De fait, ces distributions très visibles d'argent ne représentent qu'une petite partie de l'important investissement réalisé cet été par le gouvernement irakien pour reconstruire les services essentiels et relancer l'économie chancelante en distribuant rapidement le surplus des revenus pétroliers.

Et c'est là, précisément, ce que souhaitent Washington et le peuple Américain, lassé de ce conflit qui n'en finit pas: que l'Irak dépense son propre argent, et non celui des Etats-Unis, pour reconstruire le pays à un moment d'accalmie relative.

Les risques ne sont pas absents pour autant: outre le manque d'organisation du gouvernement, le clientélisme est à craindre, tout comme la corruption.

«L'argent n'est pas un problème», a récemment déclaré Nouri Al-Maliki lors d'une réunion avec des chefs tribaux à Basra, dans le sud du pays. «Mais nous devons le remettre à des mains qui le dépenseront honnêtement».

Malgré ces problèmes, de nombreux responsables estiment que les revenus pétroliers irakiens, évalués à 70 milliards de dollars cette année, constituent encore le meilleur moyen d'inscrire dans la durée le calme fragile qui règne actuellement.

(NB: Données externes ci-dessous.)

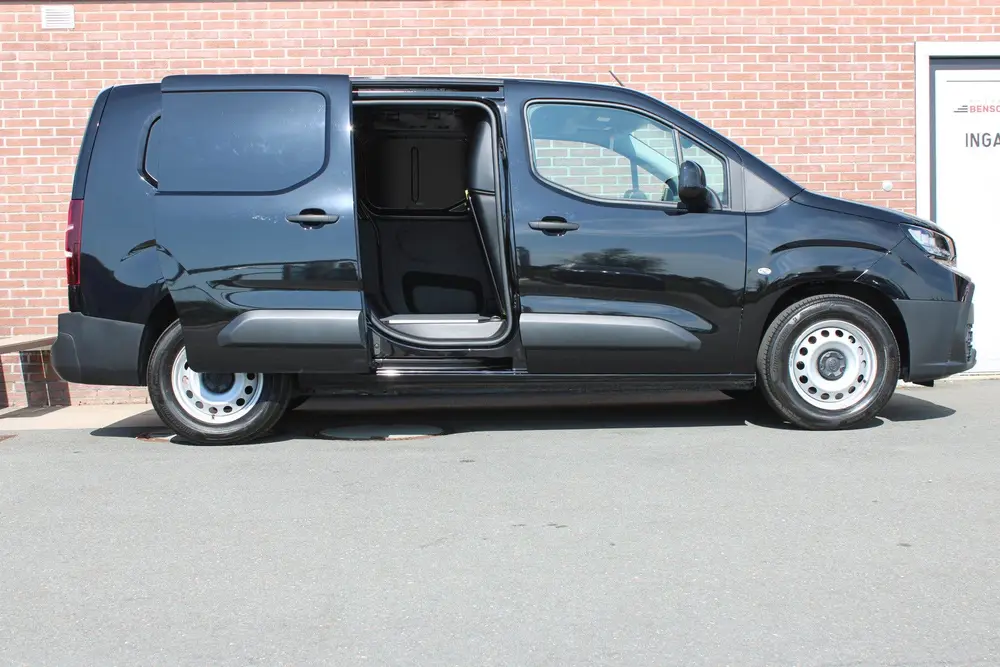 Toyota Proace City Challenger Long 50 kWh 136PK uit 2025, foto 4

Le général américain David Petraeus, commandant des forces américaines en Irak, a désigné à plusieurs reprises l'argent comme étant l'arme déterminante pour stabiliser l'Irak. L'amiral Mike Mullen, chef-d'état major interarmes américain, a pour sa part demandé à Bagdad d'accélerer les distributions cette semaine pendant un voyage dans la ville dévastée de Mossoul, dans le nord du pays.

Les Etats-Unis eux-mêmes ont mis la main à la poche, notamment pour les militants sunnites ayant accepté de changer de camp et de combattre Al-Qaïda. L'armée a également fourni des fonds financiers et du matériel à des projets comme la réparation de routes dans l'enclave chiite de Sadr City.

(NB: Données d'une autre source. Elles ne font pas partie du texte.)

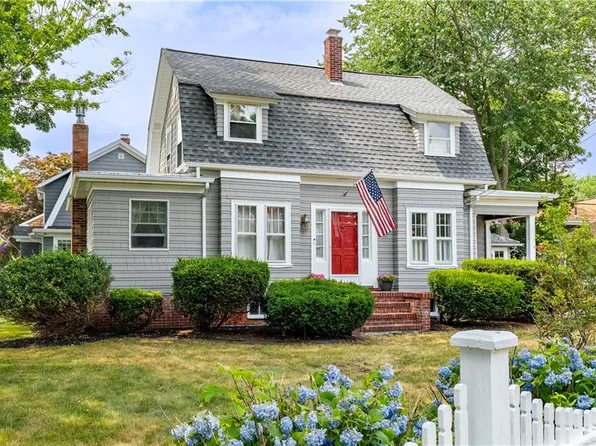 197 Wilson Ave, Rumford, RI 02916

Toutefois, les investissements les plus importants de ces derniers mois sont irakiens: 100 millions de dollars pour la reconctruction de Sadr City, 100 autres pour la ville chiite de Basra dévastée par des affrontements, 100 encore pour une autre ville chiite, Amarah, dans le Sud, et pour finir, 83 millions de dollars pour aider des réfugiés à rentrer chez eux.

La vitesse à laquelle le projet sera mené reste néanmoins difficile à déterminer. Des études américaines ont en effet montré que les dirigeants irakiens ne dépensaient en réalité que de petites quantité de l'argent qui leur est alloué, en raison, souvent, de la mauvaise organisation des services gouvernementaux et d'un manque de savoir-faire techniques.

De légers signes de progrès sont toutefois constatés par endroits, estiment d'autres dirigeants. Assistant civil d'opérations militaires, le lieutenant Paul Horton constate les efforts croissants du gouvernement pour atteindre les fermiers touchés par la sécheresse: «Nous commençons à recevoir beaucoup plus d'attention, et beaucoup plus d'amour».